▶ **Image-caption web data**

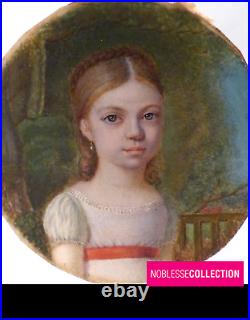 Rare! Antique early 1800s french empire gouache hand painted miniature portrait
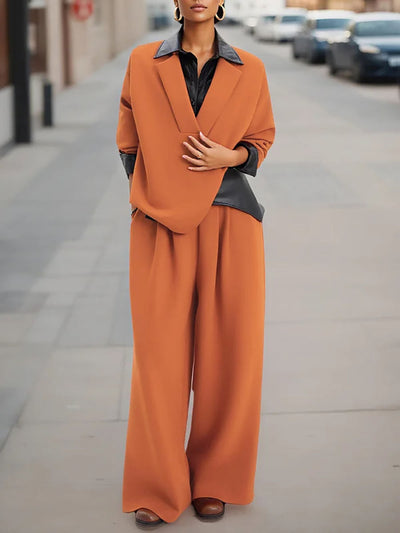 High Waisted Wide Leg Elasticity Pleated Pockets Solid Color Pants Trousers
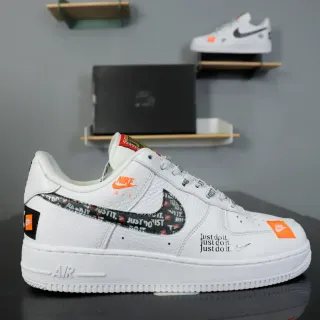 Nike Air Force 1 White Orange Black Text Tape Lifestyle Sneakers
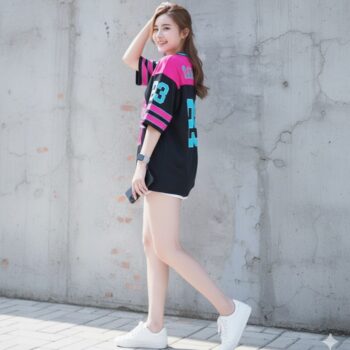 เสื้อ jersey oversize ดำชมพู สปอร์ตสตรีทผู้หญิง ใส่สบาย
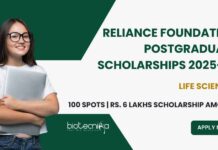 Reliance Foundation Postgraduate Scholarships 2025-26 For Life Sciences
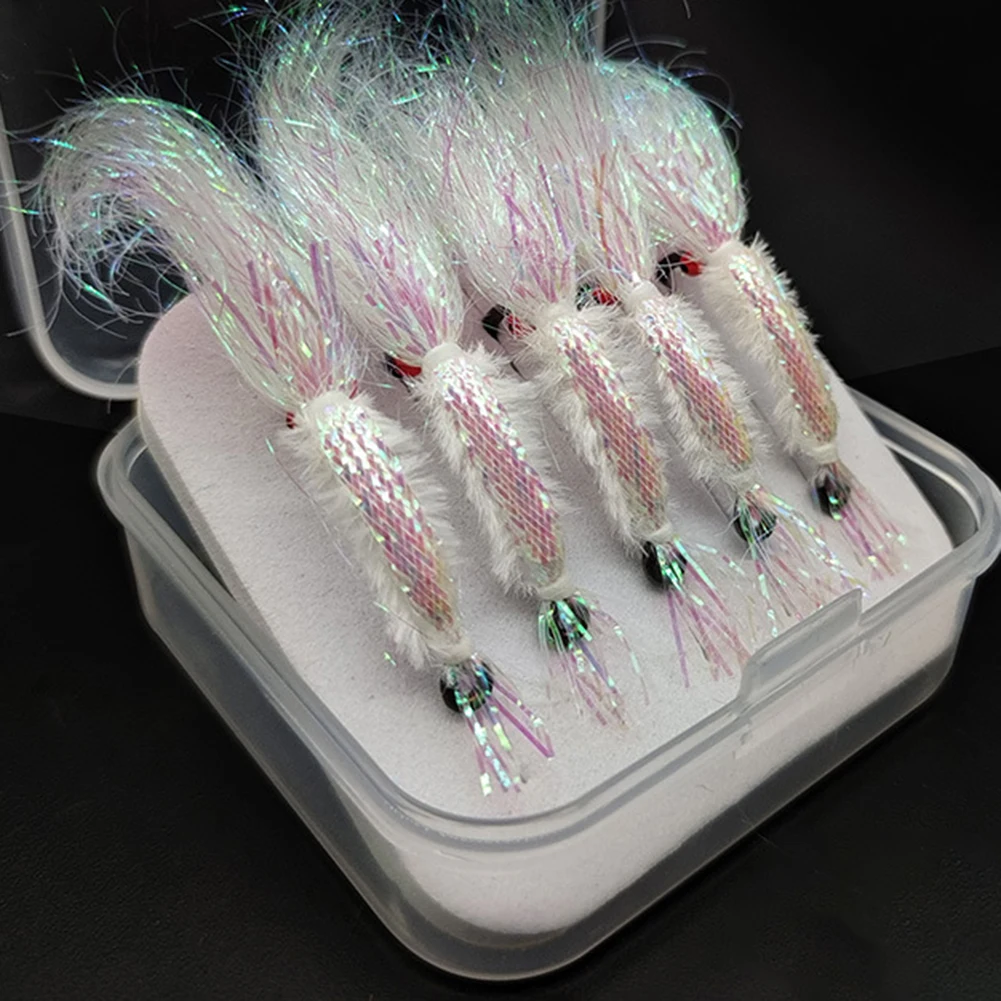 Fly Fishing Hook Ice Shrimp Lure Bait Fly Hook 3D Realistic Eyes 4/6/8/10/12/14 5 Pieces Brand New High Carbon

▶ **Your objective**
Please reproduce each entry above word for word and keep the pictures out of the copy.

▶ **Answer section**
 Rare! Antique early 1800s french empire gouache hand painted miniature portrait
 High Waisted Wide Leg Elasticity Pleated Pockets Solid Color Pants Trousers
 Nike Air Force 1 White Orange Black Text Tape Lifestyle Sneakers
 เสื้อ jersey oversize ดำชมพู สปอร์ตสตรีทผู้หญิง ใส่สบาย
 Reliance Foundation Postgraduate Scholarships 2025-26 For Life Sciences
 Fly Fishing Hook Ice Shrimp Lure Bait Fly Hook 3D Realistic Eyes 4/6/8/10/12/14 5 Pieces Brand New High Carbon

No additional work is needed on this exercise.